Irish sculptor and installation artist (born 1959)

Marie Foley (born October 1959) is an Irish artist, working in the disciplines of sculpture and installation art. She is a member of Ireland's academy of artists, Aosdána. Her work has won a number of awards.

==Early life and education==
Foley was born in Kanturk, County Cork, in October 1959. She studied at the Crawford Municipal College of Art and Design in the city of Cork. After graduation, she began teaching in a secondary school. In 1986, she won an Arts Council award which she used to attend Goldsmiths College in London.

She later enrolled in the Cardiff College of Art; where she secured an M.A. in Fine Arts, specialised in Sculpture, at Cardiff in 1987.

==Career and work==
Foley is chiefly known for her work, initially in sculpture and later also in installation art. She uses wood, porcelain, stone, glass and metal, including salvaged materials. Her work is influenced by early cultures including the Indigenous peoples of the Americas, Eskimo, and Druidic and how cultures interpret symbolism in nature.

Her work has been exhibited at a range of group and solo shows across a dozen or more countries.
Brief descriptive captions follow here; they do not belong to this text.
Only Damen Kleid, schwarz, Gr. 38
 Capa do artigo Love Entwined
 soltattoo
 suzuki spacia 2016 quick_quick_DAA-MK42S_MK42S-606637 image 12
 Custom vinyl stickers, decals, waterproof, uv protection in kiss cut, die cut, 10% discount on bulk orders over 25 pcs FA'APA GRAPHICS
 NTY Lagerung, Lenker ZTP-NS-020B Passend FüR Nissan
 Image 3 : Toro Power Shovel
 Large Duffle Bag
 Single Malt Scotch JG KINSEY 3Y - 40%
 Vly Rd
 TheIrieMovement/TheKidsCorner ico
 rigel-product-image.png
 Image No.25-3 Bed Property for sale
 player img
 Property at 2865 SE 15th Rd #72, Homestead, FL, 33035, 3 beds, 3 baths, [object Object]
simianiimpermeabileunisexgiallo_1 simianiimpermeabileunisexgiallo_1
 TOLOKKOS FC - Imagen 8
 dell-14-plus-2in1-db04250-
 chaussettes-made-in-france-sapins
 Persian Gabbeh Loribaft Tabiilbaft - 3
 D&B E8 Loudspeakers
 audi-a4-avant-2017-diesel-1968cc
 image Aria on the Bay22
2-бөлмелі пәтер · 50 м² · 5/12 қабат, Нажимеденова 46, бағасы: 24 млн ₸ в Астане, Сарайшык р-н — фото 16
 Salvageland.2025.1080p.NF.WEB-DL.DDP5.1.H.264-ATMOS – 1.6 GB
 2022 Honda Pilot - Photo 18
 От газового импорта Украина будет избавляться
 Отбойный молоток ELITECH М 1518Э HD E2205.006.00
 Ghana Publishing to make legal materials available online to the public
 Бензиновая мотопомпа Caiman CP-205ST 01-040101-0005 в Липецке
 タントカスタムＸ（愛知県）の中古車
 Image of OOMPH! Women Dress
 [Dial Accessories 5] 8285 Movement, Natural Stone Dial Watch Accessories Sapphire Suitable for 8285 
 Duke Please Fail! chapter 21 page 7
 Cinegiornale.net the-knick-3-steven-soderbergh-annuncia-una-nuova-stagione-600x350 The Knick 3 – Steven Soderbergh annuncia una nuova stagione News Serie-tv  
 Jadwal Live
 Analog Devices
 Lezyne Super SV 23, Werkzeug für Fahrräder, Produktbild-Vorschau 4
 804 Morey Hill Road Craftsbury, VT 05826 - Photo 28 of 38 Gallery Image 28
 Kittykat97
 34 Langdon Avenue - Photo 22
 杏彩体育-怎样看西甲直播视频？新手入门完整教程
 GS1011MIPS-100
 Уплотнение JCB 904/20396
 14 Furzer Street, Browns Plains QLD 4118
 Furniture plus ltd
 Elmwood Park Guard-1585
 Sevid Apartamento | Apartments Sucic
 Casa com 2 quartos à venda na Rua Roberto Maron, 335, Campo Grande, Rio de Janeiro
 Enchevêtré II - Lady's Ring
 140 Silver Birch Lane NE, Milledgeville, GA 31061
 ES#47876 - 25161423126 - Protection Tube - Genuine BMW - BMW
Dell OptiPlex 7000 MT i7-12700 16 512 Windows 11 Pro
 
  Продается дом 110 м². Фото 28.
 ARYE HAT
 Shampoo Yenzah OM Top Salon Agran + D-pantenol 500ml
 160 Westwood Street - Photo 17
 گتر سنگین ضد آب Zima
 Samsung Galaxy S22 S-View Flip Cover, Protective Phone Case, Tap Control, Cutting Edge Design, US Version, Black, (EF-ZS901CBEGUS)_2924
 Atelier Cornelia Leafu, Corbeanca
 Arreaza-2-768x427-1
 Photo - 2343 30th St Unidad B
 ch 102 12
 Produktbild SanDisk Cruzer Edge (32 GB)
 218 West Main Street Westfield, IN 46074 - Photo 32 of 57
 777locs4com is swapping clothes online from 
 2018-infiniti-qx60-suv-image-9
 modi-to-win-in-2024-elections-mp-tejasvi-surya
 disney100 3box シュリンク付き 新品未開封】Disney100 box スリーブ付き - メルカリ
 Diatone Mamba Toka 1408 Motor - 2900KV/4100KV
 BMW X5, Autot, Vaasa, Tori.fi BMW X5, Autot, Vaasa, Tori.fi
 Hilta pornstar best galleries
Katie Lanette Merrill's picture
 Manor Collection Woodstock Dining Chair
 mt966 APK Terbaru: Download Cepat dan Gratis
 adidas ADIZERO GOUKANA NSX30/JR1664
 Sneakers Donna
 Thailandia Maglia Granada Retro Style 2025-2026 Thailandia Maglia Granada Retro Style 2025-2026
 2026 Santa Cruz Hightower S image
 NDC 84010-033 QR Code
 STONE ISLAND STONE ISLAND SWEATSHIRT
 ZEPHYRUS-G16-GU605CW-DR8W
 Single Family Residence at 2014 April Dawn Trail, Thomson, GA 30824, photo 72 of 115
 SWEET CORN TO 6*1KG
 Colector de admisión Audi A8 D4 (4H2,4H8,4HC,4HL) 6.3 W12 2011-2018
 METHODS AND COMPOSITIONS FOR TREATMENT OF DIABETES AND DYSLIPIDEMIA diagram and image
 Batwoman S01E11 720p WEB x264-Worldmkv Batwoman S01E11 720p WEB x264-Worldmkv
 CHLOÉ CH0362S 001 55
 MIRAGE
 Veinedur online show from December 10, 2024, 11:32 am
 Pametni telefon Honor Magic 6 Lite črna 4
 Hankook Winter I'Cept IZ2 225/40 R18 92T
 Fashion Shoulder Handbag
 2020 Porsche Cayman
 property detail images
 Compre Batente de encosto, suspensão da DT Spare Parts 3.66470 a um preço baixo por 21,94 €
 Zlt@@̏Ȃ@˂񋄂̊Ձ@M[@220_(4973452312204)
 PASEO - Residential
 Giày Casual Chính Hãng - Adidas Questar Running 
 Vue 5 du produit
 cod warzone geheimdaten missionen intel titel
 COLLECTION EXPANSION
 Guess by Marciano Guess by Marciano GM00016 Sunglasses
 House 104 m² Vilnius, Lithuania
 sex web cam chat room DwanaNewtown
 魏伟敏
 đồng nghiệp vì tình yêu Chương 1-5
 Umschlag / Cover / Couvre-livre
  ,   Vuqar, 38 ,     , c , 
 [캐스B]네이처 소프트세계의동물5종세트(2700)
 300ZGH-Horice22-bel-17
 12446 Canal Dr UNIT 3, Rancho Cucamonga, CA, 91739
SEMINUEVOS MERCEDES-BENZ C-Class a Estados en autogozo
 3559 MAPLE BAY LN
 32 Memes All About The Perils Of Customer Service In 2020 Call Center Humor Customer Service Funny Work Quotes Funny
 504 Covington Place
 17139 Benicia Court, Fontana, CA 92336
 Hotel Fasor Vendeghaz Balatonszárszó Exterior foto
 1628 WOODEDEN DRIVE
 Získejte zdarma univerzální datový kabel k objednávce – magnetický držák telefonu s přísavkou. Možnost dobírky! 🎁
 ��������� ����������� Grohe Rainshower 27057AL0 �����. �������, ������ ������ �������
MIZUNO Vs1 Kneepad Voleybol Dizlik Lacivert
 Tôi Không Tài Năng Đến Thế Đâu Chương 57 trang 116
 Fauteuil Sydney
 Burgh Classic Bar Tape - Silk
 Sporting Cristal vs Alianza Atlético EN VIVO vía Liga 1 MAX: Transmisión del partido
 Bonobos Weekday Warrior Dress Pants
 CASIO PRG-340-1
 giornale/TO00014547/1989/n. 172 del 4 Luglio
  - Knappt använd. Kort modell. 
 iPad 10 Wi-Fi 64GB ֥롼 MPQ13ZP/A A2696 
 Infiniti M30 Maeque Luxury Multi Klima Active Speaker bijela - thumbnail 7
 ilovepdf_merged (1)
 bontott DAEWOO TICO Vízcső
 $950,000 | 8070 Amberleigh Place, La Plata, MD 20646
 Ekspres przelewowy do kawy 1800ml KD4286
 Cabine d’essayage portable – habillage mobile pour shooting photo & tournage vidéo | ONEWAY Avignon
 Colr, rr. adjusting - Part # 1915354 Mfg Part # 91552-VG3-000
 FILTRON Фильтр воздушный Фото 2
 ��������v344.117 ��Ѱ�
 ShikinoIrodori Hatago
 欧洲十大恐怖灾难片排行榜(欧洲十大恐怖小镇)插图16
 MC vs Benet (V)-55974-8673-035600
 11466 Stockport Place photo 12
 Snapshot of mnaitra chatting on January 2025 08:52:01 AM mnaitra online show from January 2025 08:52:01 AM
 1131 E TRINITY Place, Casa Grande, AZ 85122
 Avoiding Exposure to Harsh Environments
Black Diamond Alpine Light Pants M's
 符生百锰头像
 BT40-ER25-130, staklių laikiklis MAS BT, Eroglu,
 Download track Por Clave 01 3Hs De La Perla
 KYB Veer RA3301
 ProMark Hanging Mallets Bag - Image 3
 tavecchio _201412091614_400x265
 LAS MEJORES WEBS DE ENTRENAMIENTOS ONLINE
Among these were the first solo show of an Irish artist at the Irish Museum of Modern Art (IMMA), as well as Cork's Crawford Art Gallery and Dublin's Hugh Lane Gallery. In 1990, her works were organized into a touring exhibition by the Project Arts Centre.

==Recognition==
Foley was elected to Ireland's academy or affiliation of artists, Aosdána, in 1996. She has received support and recognition from the Arts Council, and has won multiple awards from other bodies.